- Born: 25 April 1946 Turku, Finland
- Died: 1 March 2020 (aged 73) Vantaa, Finland
- Relatives: Matti and Teppo Ruohonen (brothers)
- Awards: Pro Finlandia (2011)

= Seppo Ruohonen =

Finnish opera singer (1946–2020)

Seppo Ruohonen (25 April 1946 – 1 March 2020) was a Finnish operatic tenor and voice pedagogue.

==Education==
Ruohonen trained initially under Lea Piltti, and later continued in Vienna at the Vienna State Opera school and the Hochschule für Musik und darstellende Kunst (now the University of Music and Performing Arts Vienna, where he obtained three separate degrees (opera, lied and oratorio, and voice), all with the highest available grade.

==Career==
Ruohonen's professional debut came in Turku in 1969, singing Don José's role in Carmen. He was afterwards signed by the Finnish National Opera, where he performed a total of 23 roles, in nearly 250 performances. From 1978 to 1994 he was attached to Oper Frankfurt. He also had attachments to Vienna State Opera and Deutsche Oper Berlin. He furthermore appeared as guest in numerous productions in countries including the UK, France, Italy, USA and Russia, as well as at the Savonlinna Opera Festival. His career spanned over 40 years, and comprised over 100 major roles.

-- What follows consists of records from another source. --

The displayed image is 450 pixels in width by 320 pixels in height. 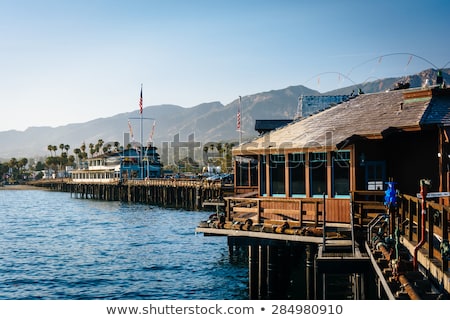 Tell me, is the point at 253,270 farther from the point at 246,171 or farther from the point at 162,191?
the point at 162,191

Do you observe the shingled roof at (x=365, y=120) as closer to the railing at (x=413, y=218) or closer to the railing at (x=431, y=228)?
the railing at (x=413, y=218)

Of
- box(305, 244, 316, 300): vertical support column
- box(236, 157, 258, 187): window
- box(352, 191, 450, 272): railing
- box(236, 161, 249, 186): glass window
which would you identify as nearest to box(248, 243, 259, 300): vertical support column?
box(305, 244, 316, 300): vertical support column

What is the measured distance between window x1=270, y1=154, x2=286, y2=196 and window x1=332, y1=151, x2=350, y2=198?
236cm

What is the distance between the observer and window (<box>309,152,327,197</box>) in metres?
21.4

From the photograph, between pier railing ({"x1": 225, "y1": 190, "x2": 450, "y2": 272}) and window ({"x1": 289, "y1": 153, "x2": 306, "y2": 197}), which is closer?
pier railing ({"x1": 225, "y1": 190, "x2": 450, "y2": 272})

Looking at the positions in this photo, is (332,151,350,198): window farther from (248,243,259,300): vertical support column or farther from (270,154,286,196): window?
(248,243,259,300): vertical support column

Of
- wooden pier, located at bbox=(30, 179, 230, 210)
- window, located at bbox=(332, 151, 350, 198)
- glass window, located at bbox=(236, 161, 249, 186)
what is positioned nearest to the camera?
window, located at bbox=(332, 151, 350, 198)

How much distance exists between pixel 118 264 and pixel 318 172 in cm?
1560

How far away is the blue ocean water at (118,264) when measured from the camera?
25.4 meters

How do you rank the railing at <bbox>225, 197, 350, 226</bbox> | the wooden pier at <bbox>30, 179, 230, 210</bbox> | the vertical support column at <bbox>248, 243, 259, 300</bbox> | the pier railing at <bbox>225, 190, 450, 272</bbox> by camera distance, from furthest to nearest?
the wooden pier at <bbox>30, 179, 230, 210</bbox>, the vertical support column at <bbox>248, 243, 259, 300</bbox>, the railing at <bbox>225, 197, 350, 226</bbox>, the pier railing at <bbox>225, 190, 450, 272</bbox>

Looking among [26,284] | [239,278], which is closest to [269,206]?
[239,278]

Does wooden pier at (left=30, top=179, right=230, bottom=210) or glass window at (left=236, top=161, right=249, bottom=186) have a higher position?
glass window at (left=236, top=161, right=249, bottom=186)

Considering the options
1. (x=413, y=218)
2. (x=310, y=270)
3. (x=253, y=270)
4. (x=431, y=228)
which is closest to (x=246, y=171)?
(x=253, y=270) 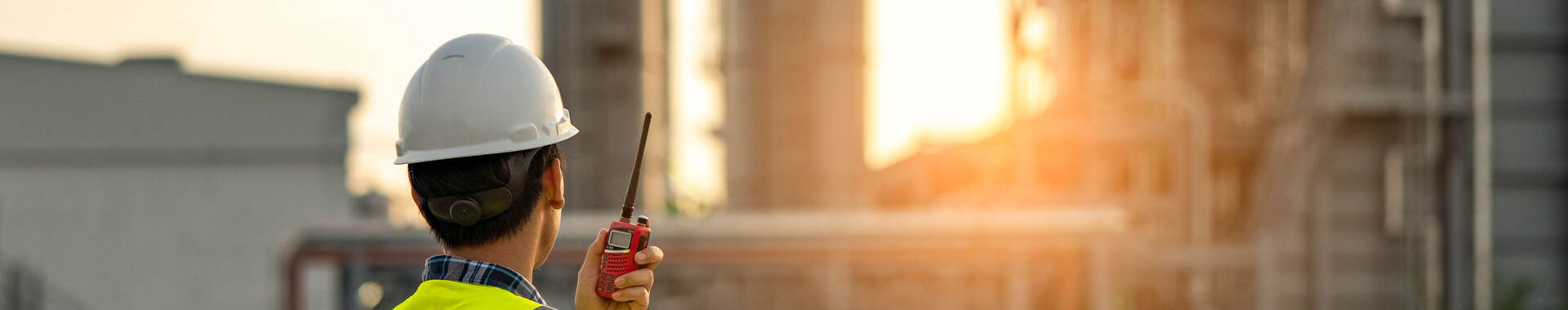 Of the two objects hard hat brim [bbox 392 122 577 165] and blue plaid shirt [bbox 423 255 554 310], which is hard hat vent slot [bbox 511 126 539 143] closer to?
hard hat brim [bbox 392 122 577 165]

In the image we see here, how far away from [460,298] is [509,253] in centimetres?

From 1999 to 2004, Ruohonen served as professor of opera coaching at the Sibelius Academy.

He also recorded extensively, across genres from opera and operetta to classical and religious music.

==Awards and honours==
In 2011, Ruohonen received the Pro Finlandia medal of the Order of the Lion of Finland.

==Personal life==
Seppo Ruohonen's younger brothers also sing professionally, as the pop and folk duo Matti ja Teppo. As children, they sang together at weddings and other events, and were later joined by future operatic bass Matti Salminen.

Ruohonen was nearly deaf in one ear, and would make sure to position himself on the stage so as to face the orchestra with his good ear.

He died in 2020 following a long battle with cancer; he was survived by wife and a daughter.